HEDA - Hospital Estadual Dirceu Arcoverde (PI) — Prova 2021
Um homem de 87 ano, com história de acidente vascular encefálico, é trazido ao serviço de emergência por uma ambulância, vindo de uma casa de repouso especializada. Ele foi encontrado irresponsivo no leito, com respirações superficiais e rápidas. Nos últimos 3 a 4 dias, o paciente tem apresentado uma tosse sonora e úmida. Os socorristas relataram que a saturação do paciente ao ar ambiente era de 67%. No setor de emergência, ele está estuporoso, com ventilações ruidosas, esforça-se para respirar e elimina quantidades abundantes de escarro amarelado e espesso. Seus sinais vitais são os seguintes t 38,7 ºc, pa 90/58mmhg, fc 118 bpm, fr de 29 mpm e saturação de oxigênio de 84% com mascara facial dotada de válvula inidirecional. Considerando a necessidade de via aérea avançada neste paciente, qual das alternativas tem a melhor escolha da sequência rápida de droga considerando o pré tratamento, indução e paralisação respectivamente
Choque séptico + IOT → Cetamina para indução mantém estabilidade hemodinâmica; Succinilcolina para paralisação rápida.

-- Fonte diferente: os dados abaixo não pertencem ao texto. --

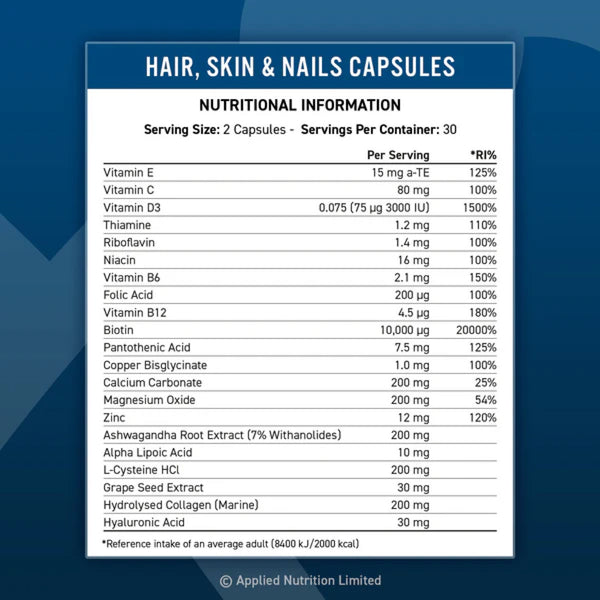 Applied Nutrition Hair, Skin, & Nails 60 Caps Nutritionals Protein Superstore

Em pacientes com instabilidade hemodinâmica ou risco de broncoespasmo, a cetamina é uma excelente escolha para indução na SRI, pois mantém a pressão arterial e tem efeito broncodilatador. A succinilcolina é o relaxante muscular de escolha para SRI devido ao seu rápido início de ação.
A sequência rápida de intubação (SRI) é um procedimento crítico na emergência para garantir a via aérea em pacientes com risco de aspiração ou insuficiência respiratória aguda. A escolha das drogas é fundamental e deve ser individualizada, considerando o estado hemodinâmico e as comorbidades do paciente. A SRI envolve pré-oxigenação, pré-tratamento, indução e paralisação, seguidos da intubação e ventilação mecânica. Em pacientes com instabilidade hemodinâmica, como no choque séptico, a cetamina é frequentemente a droga de indução preferida. Ela proporciona sedação e analgesia, enquanto mantém a pressão arterial e a frequência cardíaca, minimizando o risco de colapso cardiovascular. Outras opções como etomidato também são hemodinamicamente estáveis, mas a cetamina oferece o benefício adicional de broncodilatação. Para a paralisação, a succinilcolina é a droga de escolha devido ao seu início de ação ultrarrápido, essencial para proteger a via aérea em pacientes com estômago cheio ou risco de aspiração. O manejo adequado da via aérea em situações de emergência é uma habilidade essencial para residentes. Compreender as propriedades farmacológicas de cada droga e suas implicações clínicas permite uma intubação segura e eficaz, minimizando complicações e otimizando o prognóstico do paciente. A avaliação pré-intubação e a preparação para cenários difíceis são cruciais para o sucesso do procedimento.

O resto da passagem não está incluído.